Sometimes I took off my mask and showed who I was, could be, would be.

There were times it was necessary…like with a giant screeching tattletale of a blackbird.

There were times it was purely instinctual.

And there were times I enjoyed it.

“Dodger.” I leaned closer and picked up a fallen black feather, ran my finger along it. “I’ve been looking into goose-down mattresses. Good for insomnia. But expensive as hell.” I considered him before smiling—a sociopathic shopper finding a bargain. “But you…you’d be free. And better than cable when I have you pluck your own feathers out one by one”—I let the one I was holding drift away—“…by one.”

Dodger dived his beak back into the book, turned a few more pages, and then: “Here.

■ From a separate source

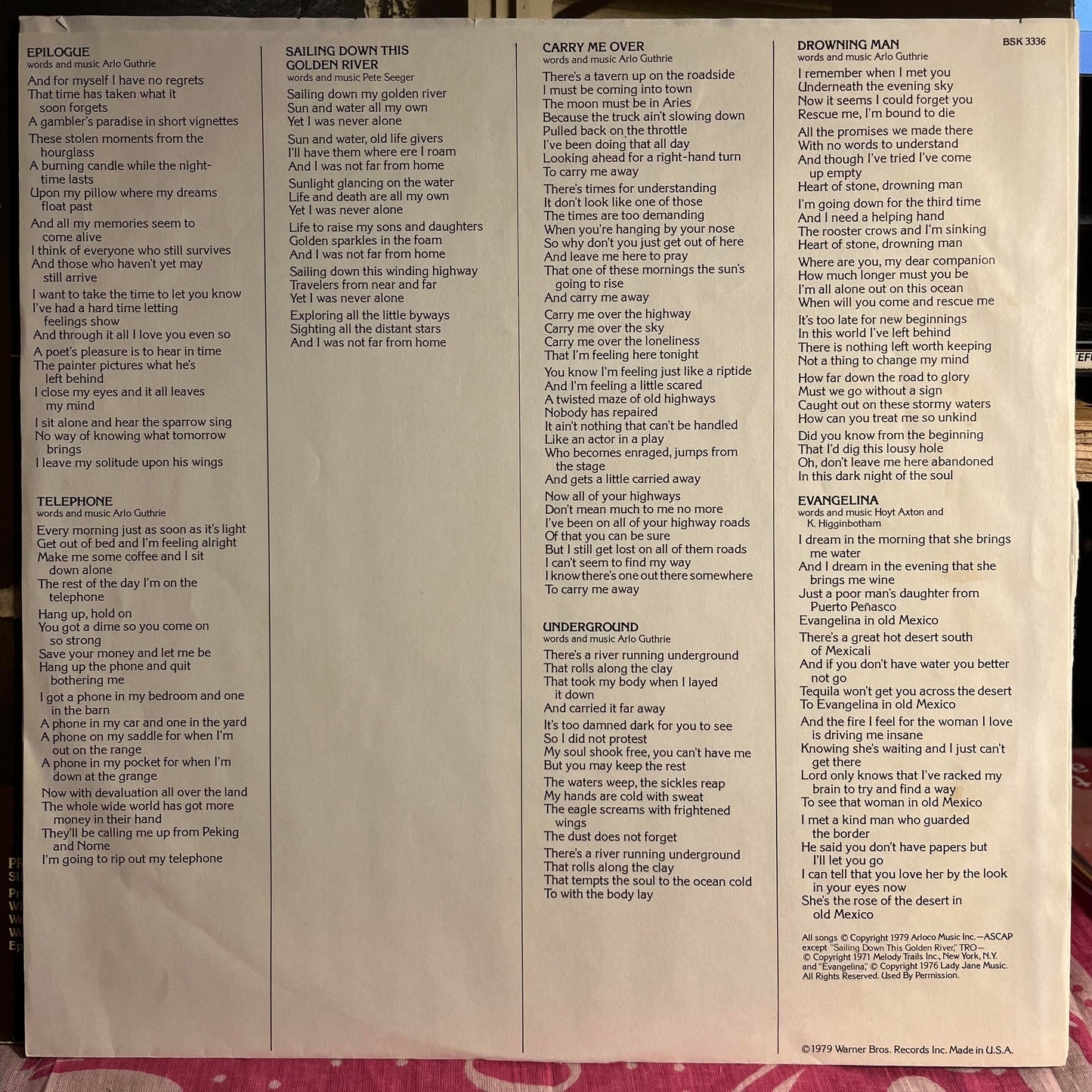Outlasting The Blues *WINCHESTER* | Near Mint (NM) Excellent (EX) Get Cheap Vinyl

It says here. There are commands or spells or phrases, but none specific in a way they can be written down for the sake of history. They are…” He peered at the word, puzzled, as a last fake tear fell from the end of his beak. “Mutable? Indefinable? Erratic?” He hunched. “I am sorry, Lord Auphe. That is the best I can decipher.”

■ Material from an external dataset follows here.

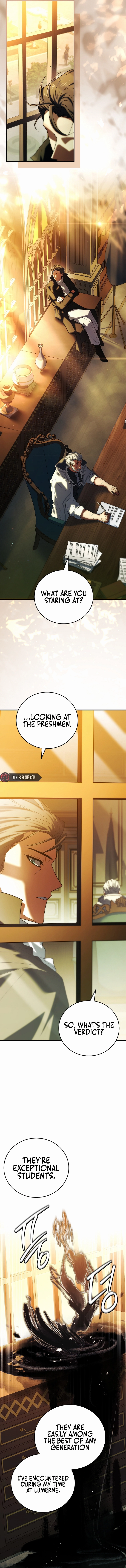 Read The Legendary Hero is an Academy Honors Student Manga Online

Lord Auphe. Now I did feel like shit, crocodile tears or not. He was afraid; I knew it was true. The tears were an act; the fear wasn’t. Almost everyone who knew the truth was afraid. I grabbed Robin’s wrist and took off his five-trillion-dollar watch, shiny and gleaming as they came, and tossed it on the book. “Sell it. Buy Mrs. Jackdaw something nice. And keep your mouth shut until we’re gone or a jackdaw mattress won’t have a chance to hock anything.”

As I was turning to leave, with Goodfellow bitching and snarling about his watch before demanding the location of other book stalls with more helpful information, I saw it, a black blot overhead. Bad things come from beneath, beside, and overhead. I didn’t skip a location and hadn’t since I was fourteen.